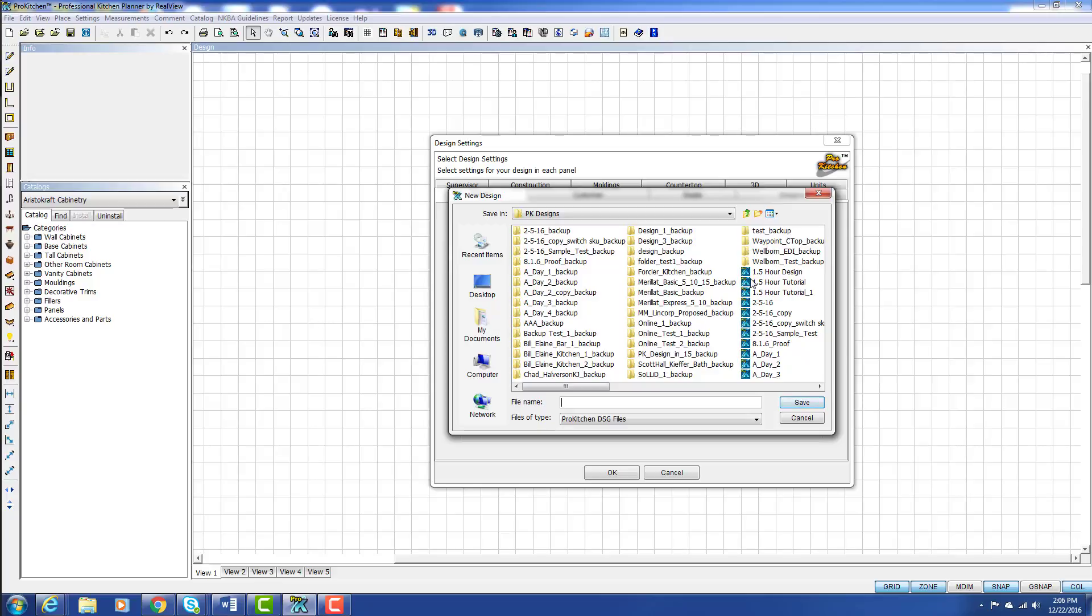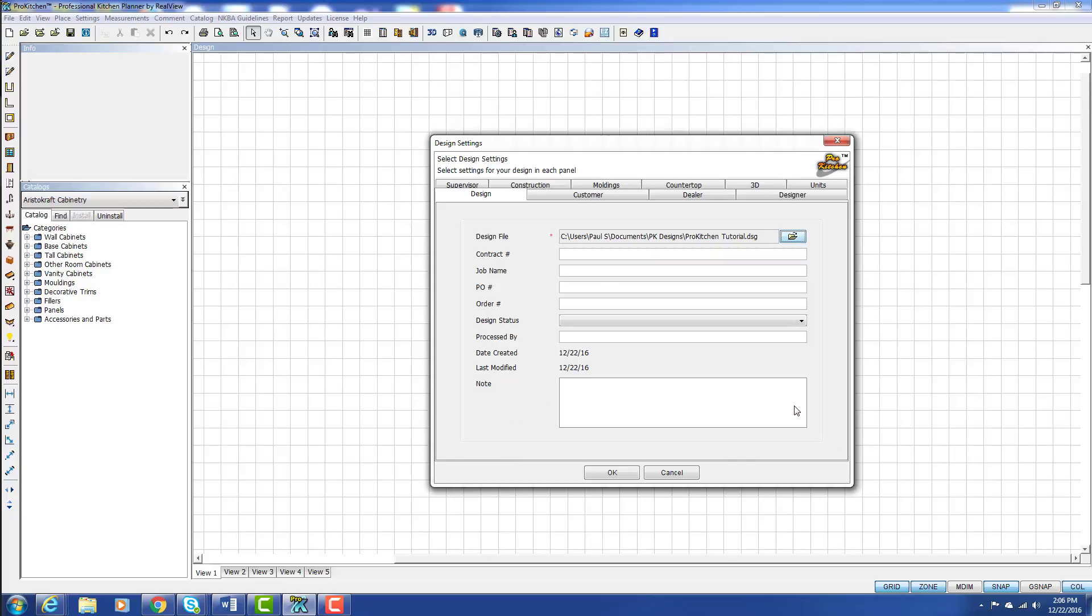And we'll show you in a later tutorial how to set this up as a default. But in the meantime select your location, name your file, and click on save.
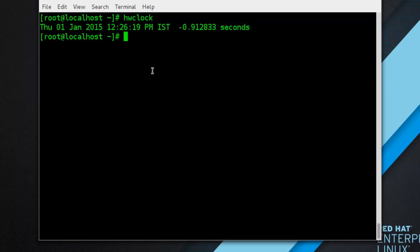That's all about configuring the date and time in RHEL7. Please subscribe and give your feedback, and thanks for watching!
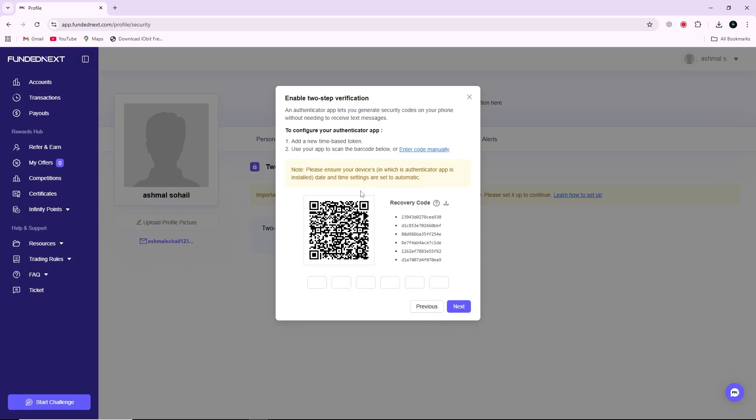Open your Authenticator app on your phone and use the option to scan a QR code. Point your phone camera at the QR code displayed on your computer screen. Once the code is scanned, the app will generate a six-digit code for your FundedNext account.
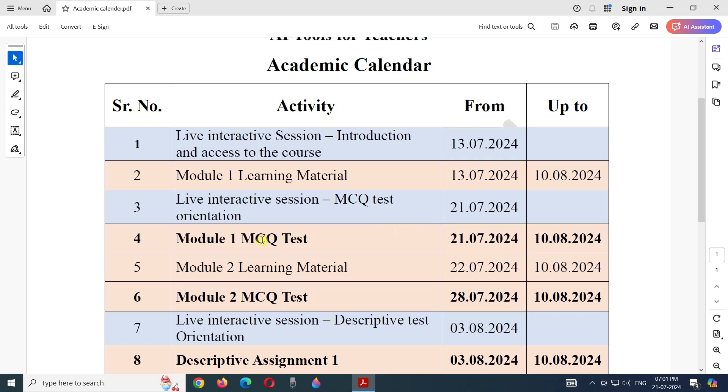Module 1 test will be available from 21st of July 2024 up to the last date of the course. Module 2 learning material will be available from 22nd of July 2024 up to the last date.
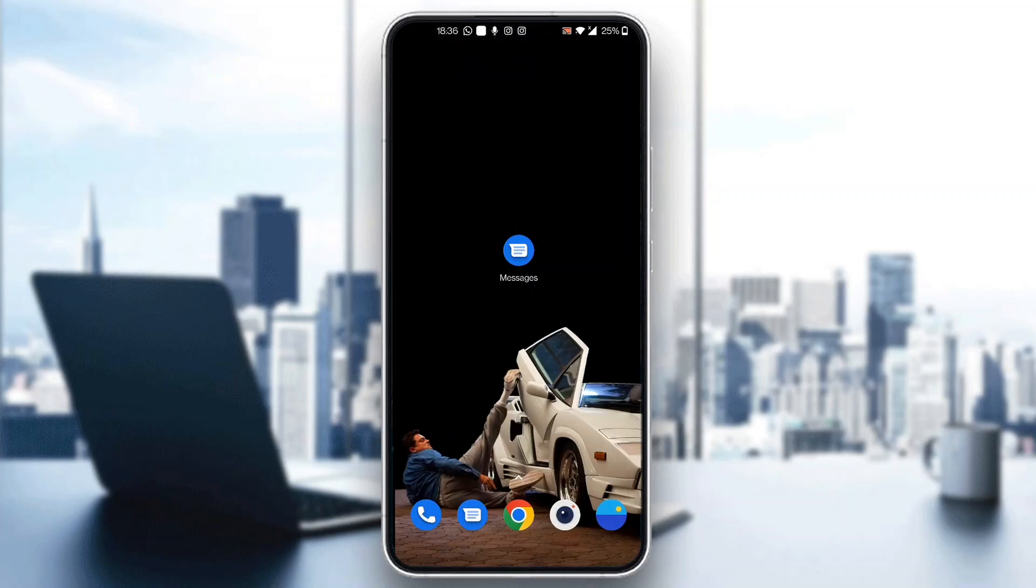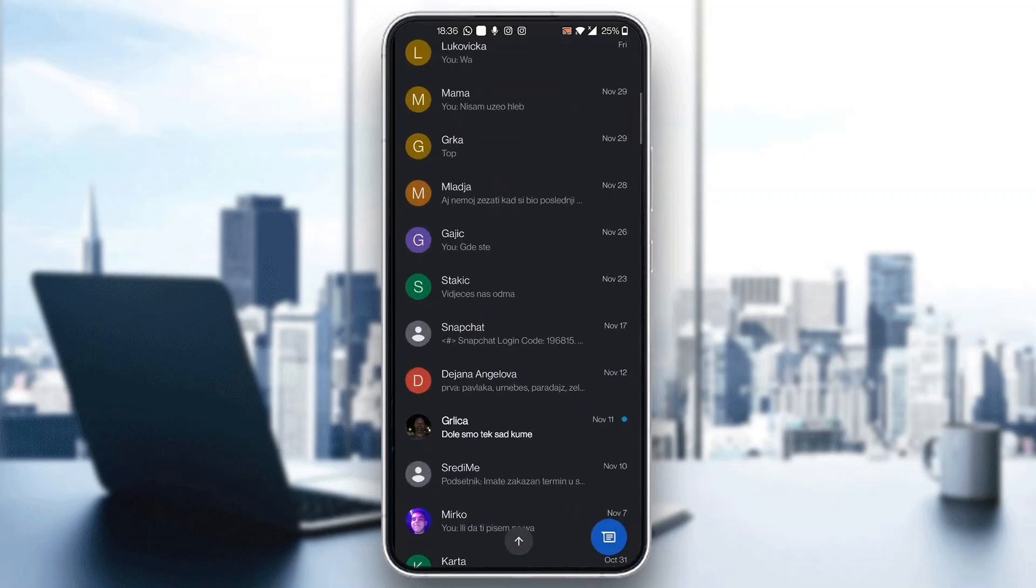The first thing you want to do is open up the official Google Messages application on your mobile phone if you haven't already. After opening up Google Messages, you will be greeted by this main page right here, which is the home screen of Google Messages, where you can see all the options that you have.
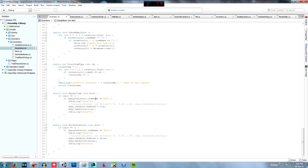Then we take the M9 object declared above and set renderer.enabled equal to true, so the renderer for that game object is enabled and you can see it. Then we set setActive equal to true. Then we debug log 'done two', and I was able to double-check that both were working by seeing 'done one' and 'done two' in the console.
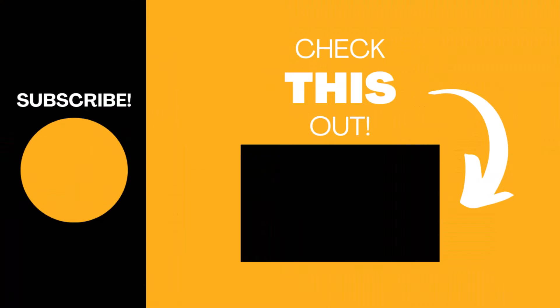Hopefully you found this video useful. If so please like the video and subscribe to the channel for more top tech tips.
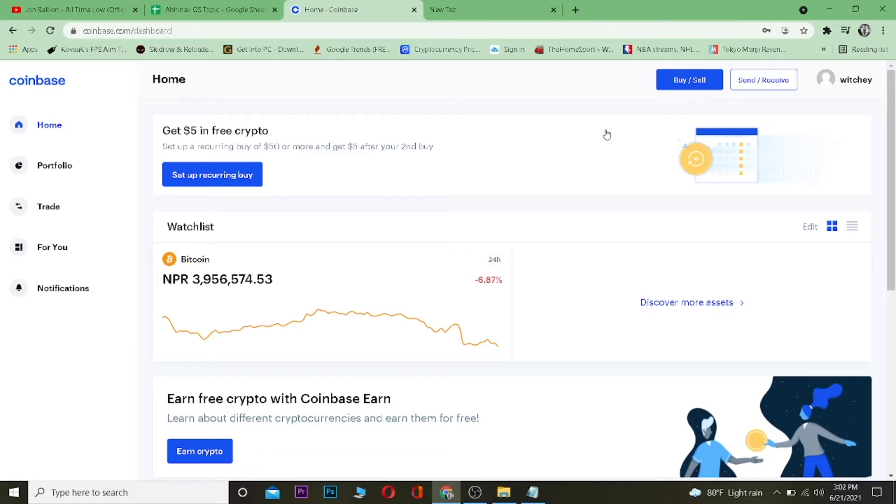Yo what is up everybody, welcome to One To Step YouTube channel. In this video I'm going to be teaching you how you guys can change your regular Coinbase account to a Coinbase Pro.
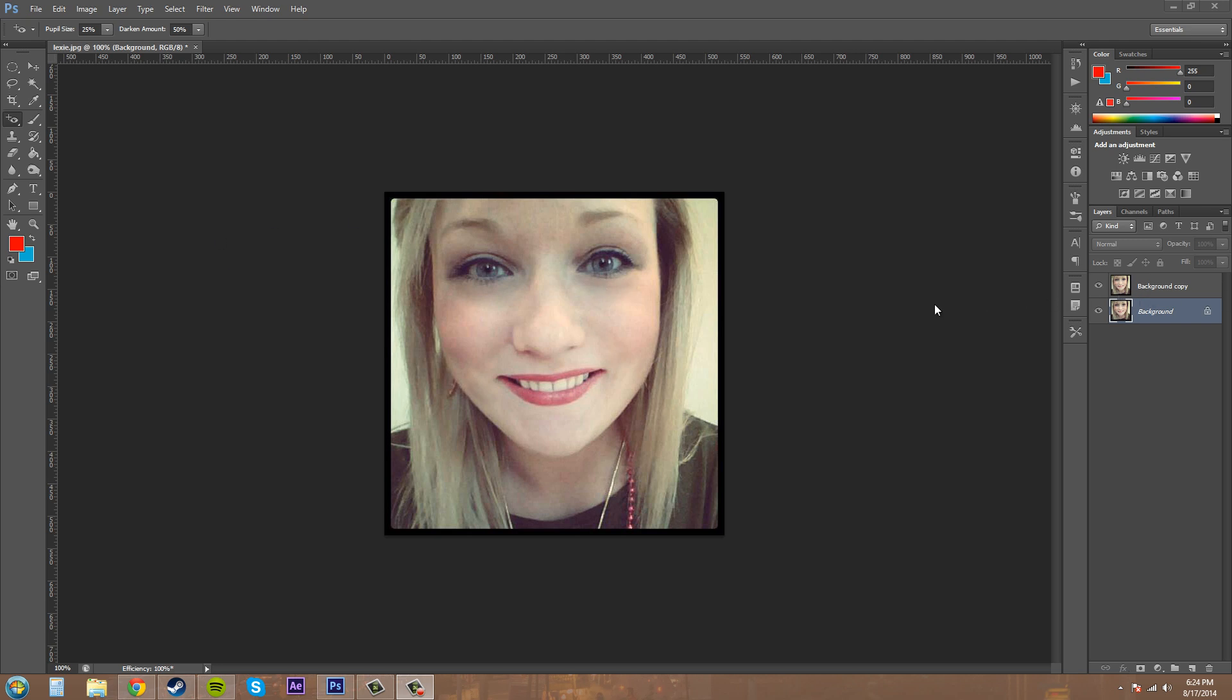So if you want to prevent that without having to come into Photoshop and edit it, just switch that or turn it off.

Assignment: Repeat the records in full, precisely, and keep the pictures out.

Task output:
And we'll show you in a later tutorial how to set this up as a default. But in the meantime select your location, name your file, and click on save.
That's all about configuring the date and time in RHEL7. Please subscribe and give your feedback, and thanks for watching!
Open your Authenticator app on your phone and use the option to scan a QR code. Point your phone camera at the QR code displayed on your computer screen. Once the code is scanned, the app will generate a six-digit code for your FundedNext account.
Module 1 test will be available from 21st of July 2024 up to the last date of the course. Module 2 learning material will be available from 22nd of July 2024 up to the last date.
The first thing you want to do is open up the official Google Messages application on your mobile phone if you haven't already. After opening up Google Messages, you will be greeted by this main page right here, which is the home screen of Google Messages, where you can see all the options that you have.
Then we take the M9 object declared above and set renderer.enabled equal to true, so the renderer for that game object is enabled and you can see it. Then we set setActive equal to true. Then we debug log 'done two', and I was able to double-check that both were working by seeing 'done one' and 'done two' in the console.
Hopefully you found this video useful. If so please like the video and subscribe to the channel for more top tech tips.
Yo what is up everybody, welcome to One To Step YouTube channel. In this video I'm going to be teaching you how you guys can change your regular Coinbase account to a Coinbase Pro.
So if you want to prevent that without having to come into Photoshop and edit it, just switch that or turn it off.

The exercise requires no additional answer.